The naming business!

Ahmed Niaz, Mohammadpur, Dhaka
Perhaps nobody relishes seeing the signboards that introduce many institutions named after Begum Khaleda Zia and they all have been done to portray her as an 'extraordinary' leader, but without thinking if such naming was at all fitting for the incumbent PM who, I say without any malice, could hardly evince any leadership acumen to deliver anything exemplary for the well-being of the people, or for that matter of the nation, that people regardless of their race or religion would go remembering her as a worthy PM the nation had ever had after it came into being. If dispassionately judged, apart from her discredited and disgraceful position as of now, she had done nothing remarkable as twice PM of Bangladesh. She left no marks in the political precincts, the only area she could throw herself in because of the death of her husband. She rather destroyed the edifice of redeemed and resuscitated democratic polity in Bangladesh by her and her party's absolute rule ( the elected president of the country was sacked arbitrarily, the nation's parliament, the seat of democracy was practically reduced to BNP-Jamaat's hub for exercising their exclusive rights and privileges, especially for hurling diatribes against the opposition or belittling the latter's proposal so that it would abstain from democratic process and, made its speaker a 'stooge'), vitiated every institution and establishment with naked wholesale politicisation.
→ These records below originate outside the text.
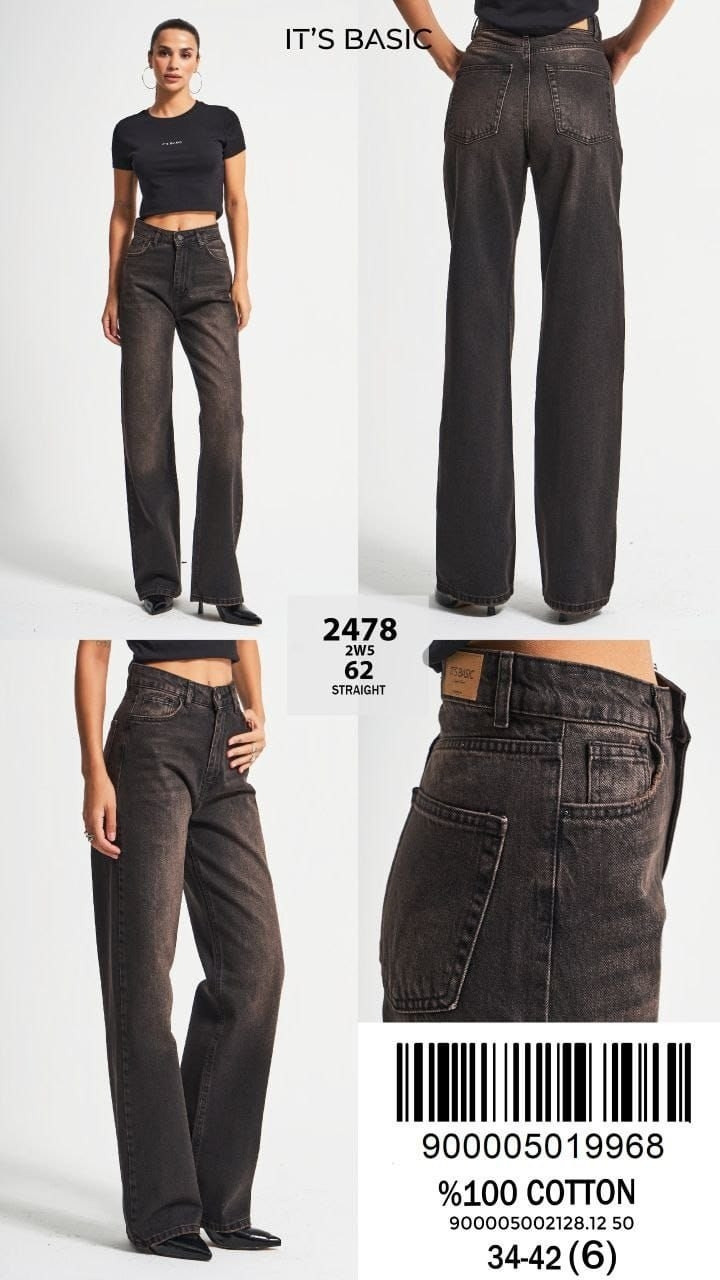 Джинси денім коричневі жіночі палацо труби турція, фото 1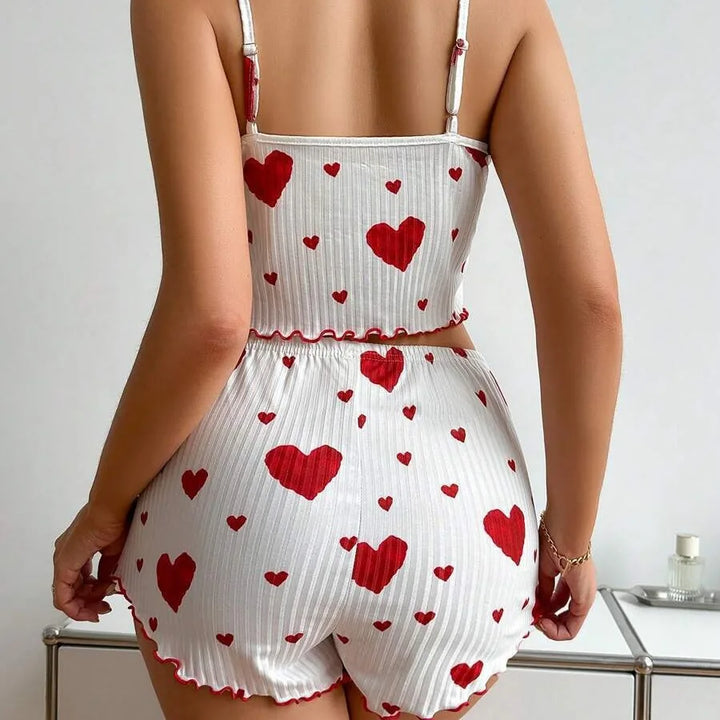 Conjunto de pijamas femininos, roupa de dormir, 2 peças, regata curta e shorts, SML, branco, ventilado, macio, casual, estampa de amor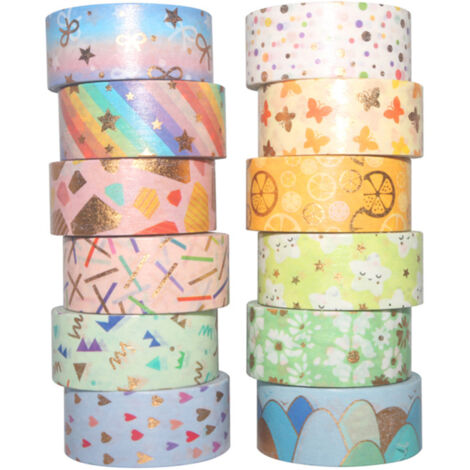 Rouleaux de ruban adhésif Washi Tape motifs mignons et feuille d'or, 15 mm (lot de 12)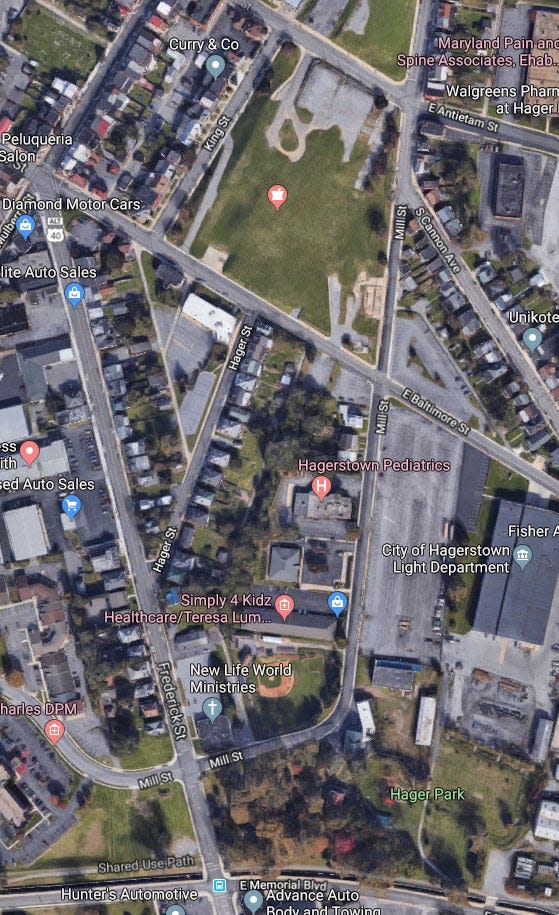 This Google Map, created by City of Hagerstown staff and provided to City Council and Mayor Emily Keller during a presentation Tuesday, shows the vacant lot where Washington County Hospital once stood on East Antietam Street. The city has plans to buy the property from the hospital's successor Meritus Health and create a historical park.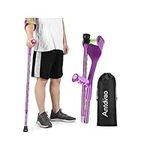 Antdvao- Forearm Crutches for Adults, Forearm Crutches with Cuffs, Anti-Drop, Crutches for Walking, Forearm Crutches Lightweight Adjustable, Aluminum Forearm Crutches, Black Crutches (Single Purple)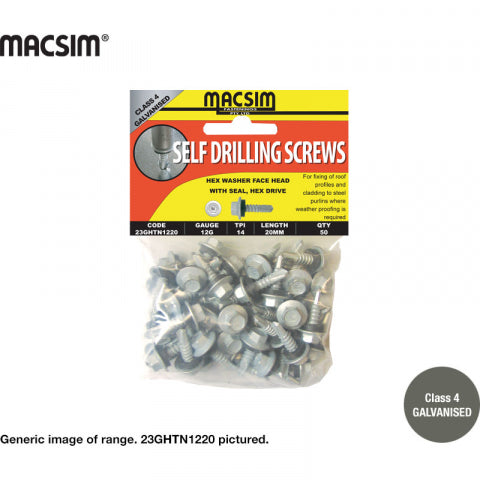 SELF DRILLING SCREWS - GALVANISED - HEX HEAD WITH SEAL - HEX DRIVE - 12 X 20MM - PKT 50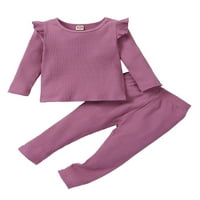 Блузи За Новороденчиња + Панталони Долги Панталони Облека За Играње Со Еднобојна Симпатична Домашна Облека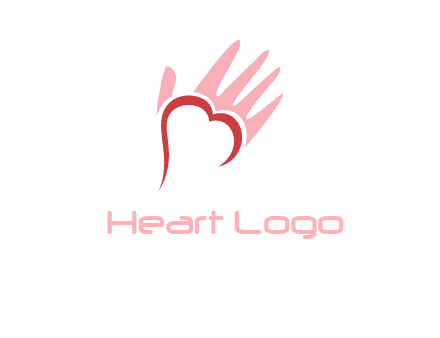 hand heart shape logo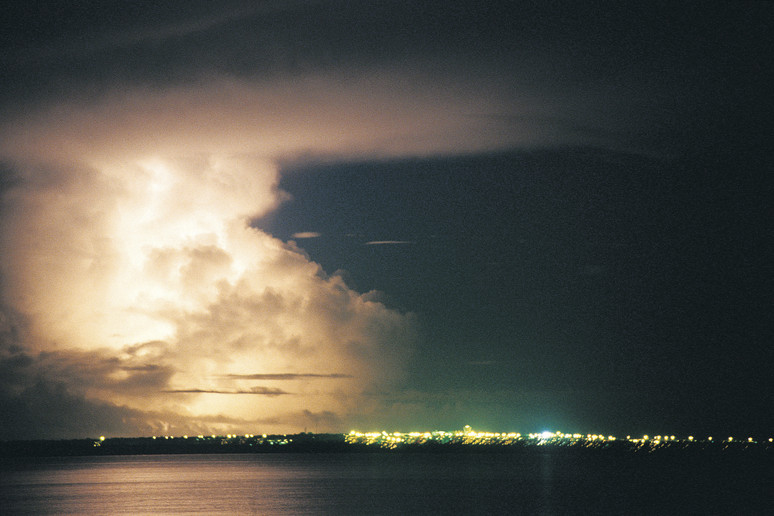 Wet Season lightning strikes over Darwin Harbour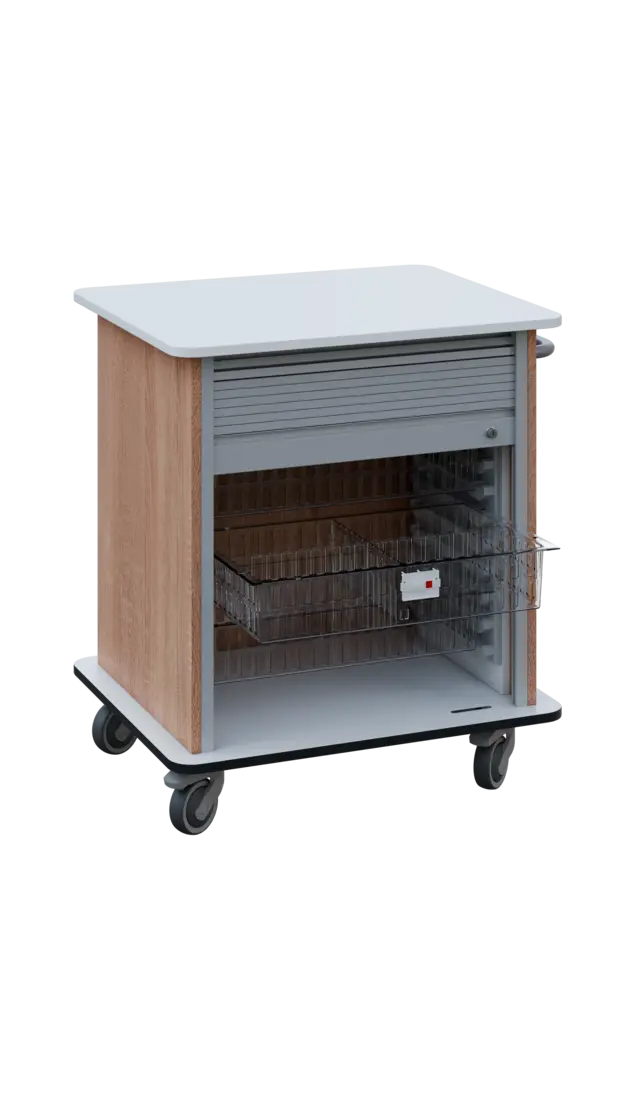 DEXTER 23 TRANSPARENT vozík boxový, roletový, nízký, 880x780x620 mm, korpus dub bardolino, horní a s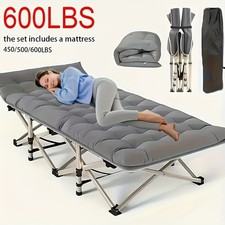 75" Folding Camping Cot Portable Guest Bed Heavy Duty w/ Mattress 600lb Capacity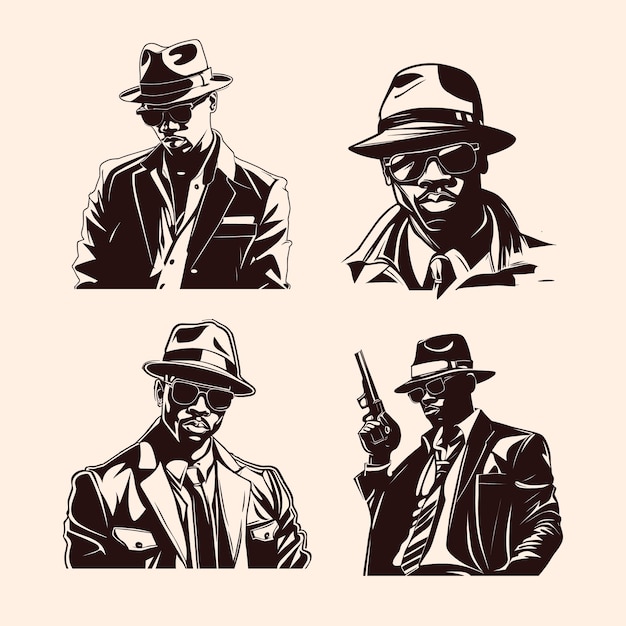 Free vector silhouette of a gangster with a gun in hand vector illustration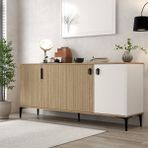 4005 Neva Konsol 180 cm Yunus - Sepet - Beyaz Konsol - Tv Ünitesi - Yemek Odası - 180 x 45 cm - Beyaz - Ceviz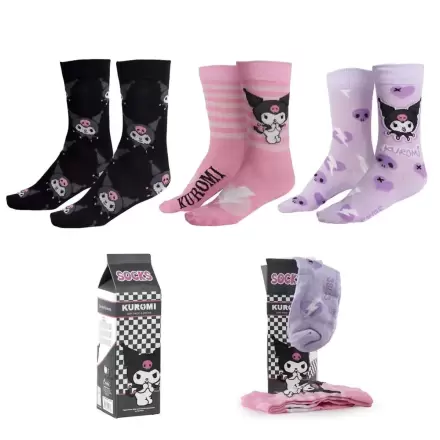 Hello Kitty Kuromi paket 3 para odraslih čarapa fotografija proizvoda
And as you know of the abyss of unbridled and unprecedented corruption the whole administrative apparatus of the country has been let to sink during her last tenure. People felt disgusted at her enduring efforts to bring her two sons, brother(s), sisters, nephews and nieces and their cronies into the sphere of power. Of the hundreds, these are the only four instances of her glaringly bad governance. Begum Zia could easily insult a dead poet by withdrawing the poet's name from the Central Public Library!